ACTION ITEM ::
Exact copies of the lines from the one with "Vestido longo, branco" through the last line of the entries, and no pictures, make up the answer.

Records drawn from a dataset

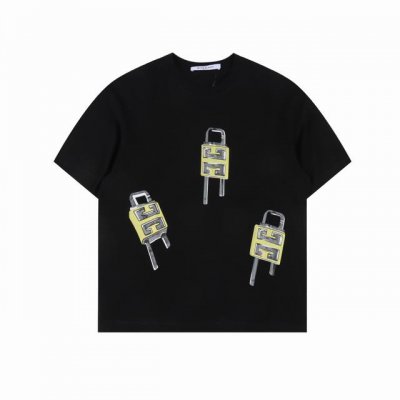givenchy 纪梵希 24Ss 锁头印花短袖 采用50纸双股精梳棉配套32支索罗纳螺纹面料 3D数码直喷工艺 以白色双股面料做黑色直喷工艺后效果呈现外黑里白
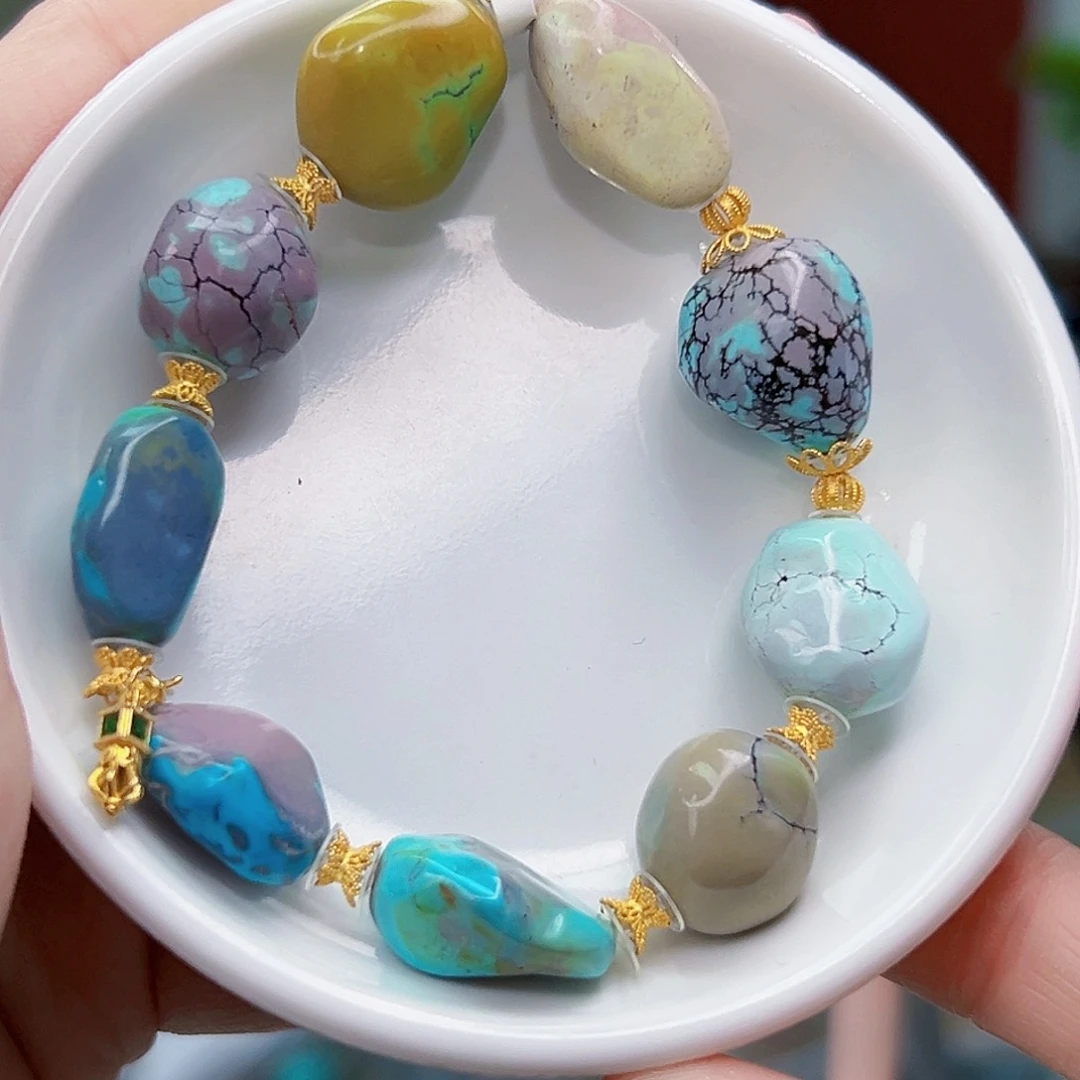 绿松石珠宝奇石18K金镶嵌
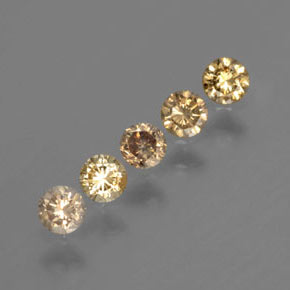 Gemas de diamante amarillo natural de  ct, corte redondo, SI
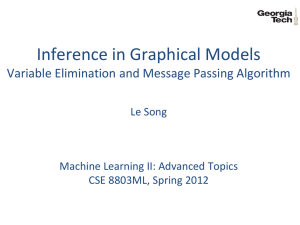 Inference in Graphical Models Variable Elimination and Message Passing Algorithm  Le Song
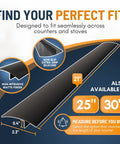 Side view of 21-inch silicone stove gap covers, 2-pack, heat resistant, easy to clean, seals gap to block crumbs and spills.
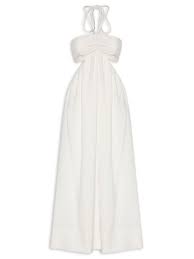 Vestido longo, branco e com decote nas costas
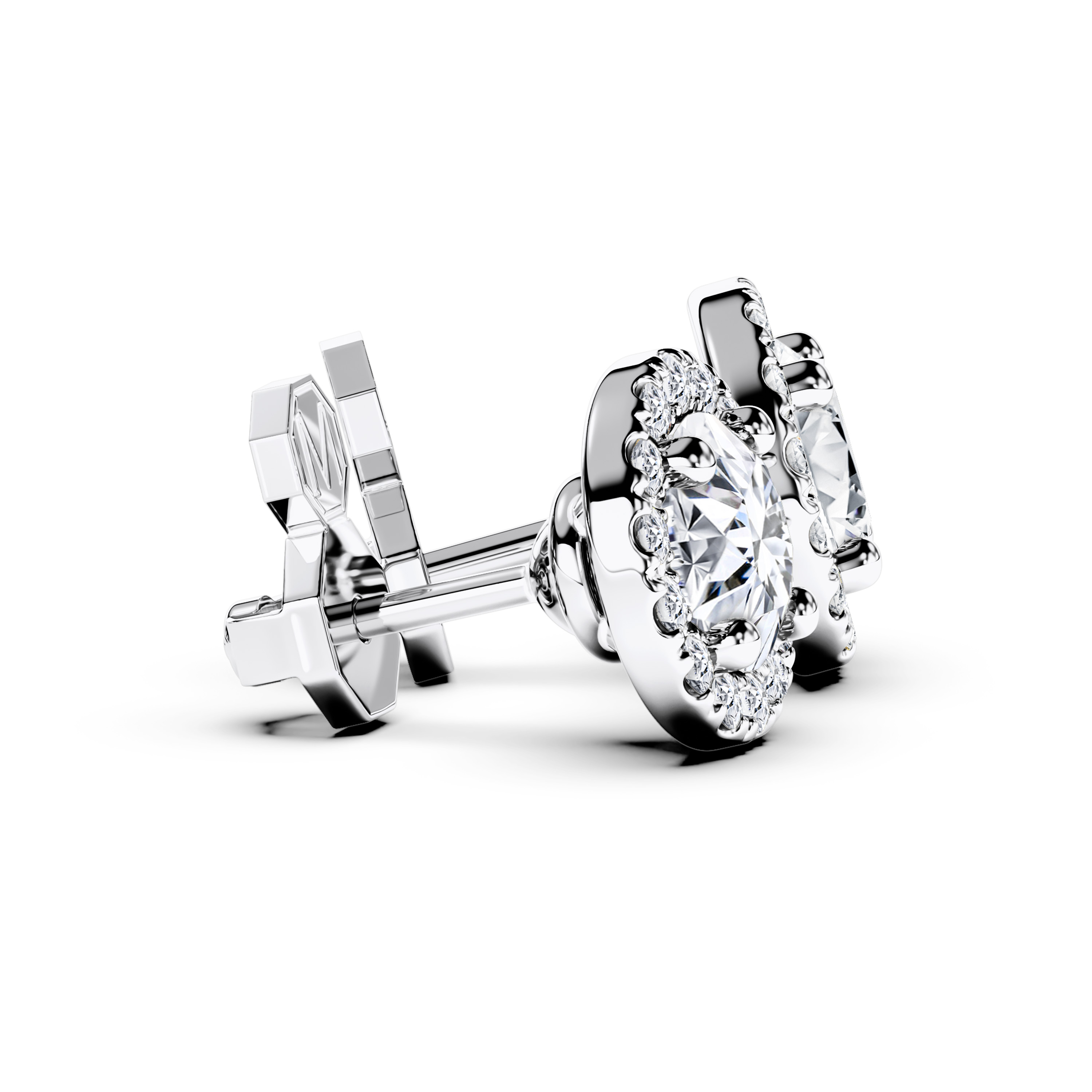 The Moon Ocean Stud Earrings in 18ct White Gold with Round Centre Stone Alternate shot 3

RESPONSE FOR THIS EXERCISE ::
 Vestido longo, branco e com decote nas costas
 The Moon Ocean Stud Earrings in 18ct White Gold with Round Centre Stone Alternate shot 3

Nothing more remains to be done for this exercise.